API endpoints used to control training flow.

Training has three endpoints which can be triggered through the API

Run Training

  • Running the training is defined as sending a post request to the trainer API which will handle the job of generating all the required config files and directories, execute and track TLT CLI commands to start and monitor the training.

  • Everything runs on multiprocess and is governed by MetaFlow.

  • API responds back with 200 status code with a message {"success": "flow started"} and tracks spawned process Id's.

  • In case the API receives multiple run training requests it check for the registered Pid's and if those processes are running then it responds with 200 status code with a message{"warning":"flow running"}.

  • This ensures that already running training is not disturbed and no new training gets started.

Training status

  • Other application communicating with the API to start training, can get the training progress and various stats to show in the UI or to take necessary actions.

  • The /stats endpoint allows getting the training stats.

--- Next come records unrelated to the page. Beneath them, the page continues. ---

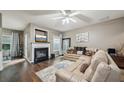 Cozy living room featuring a fireplace, hardwood floors, and neutral color palette at 2910 Cross Creek Dr, Cumming, GA 30040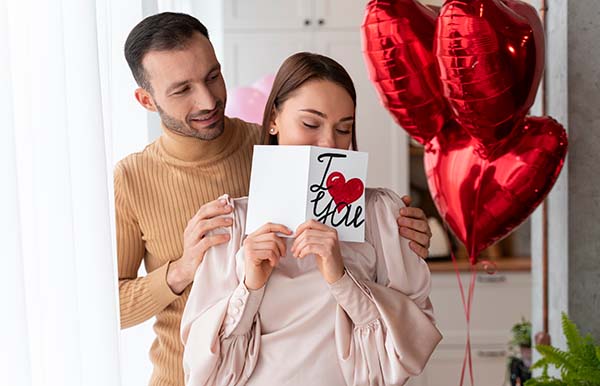 couple exchanging gifts for valentines day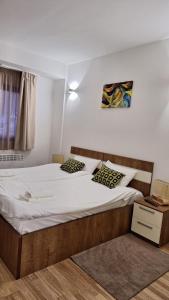 Postel nebo postele na pokoji v ubytování Mavrovo Forest Apartments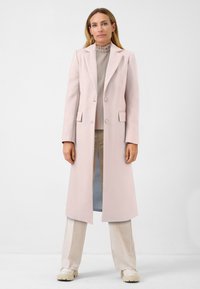 Ljusrosa lång kappa i ullblandning med notad krage, tv�å framfickor och en knappslutning. Stylad över en plisserad topp och byxor.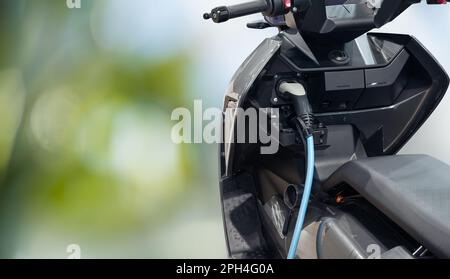 Elektrischer Roller mit angeschlossenem Ladekabel auf grünem Hintergrund. Hochwertiges Foto Stockfoto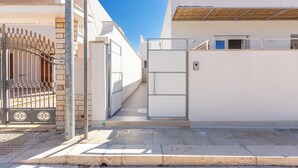Ein durch einen Zaun gesicherter Eingang zu einem Gebäude, mit einem Metallgitter und einer kleinen Treppe, die zu einer Tür führt.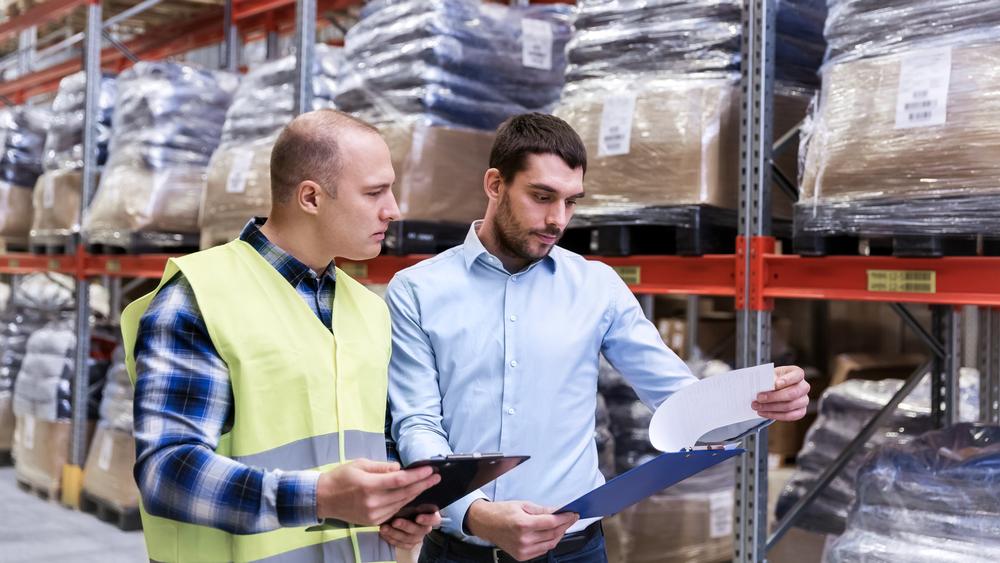 Warehouse workers checking inventory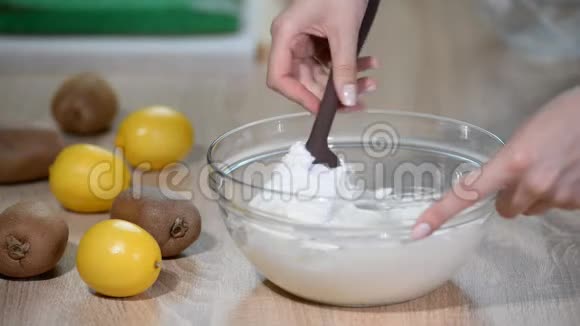 女性手将玻璃碗中的奶油与刮刀混合视频的预览图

  • It responds with a status code of 200 and JSON data containing all the training specific information such as current epoch, training accuracy, time elapsed etc.

Stop Training

  • Stopping the training can be tricky as the training is started with a command-line line tool tlt-train.

  • Metaflow governs these processes and keeps the track of the Id's of these Processes.

  • When stop command is received, a background thread is started which continuously sends post request to /kill endpoint until the training is terminated.

  • If the API receives multiple stop requests, it just ignores them and responds with status code 202 and message {"processing": "kill signal accepted"} as long the background thread is running.

  • In the end when the training is actually stopped and it's registered PID doesn't exist any longer the endpoint responds with status code of 200 with a message {"success": "flow stopped"}.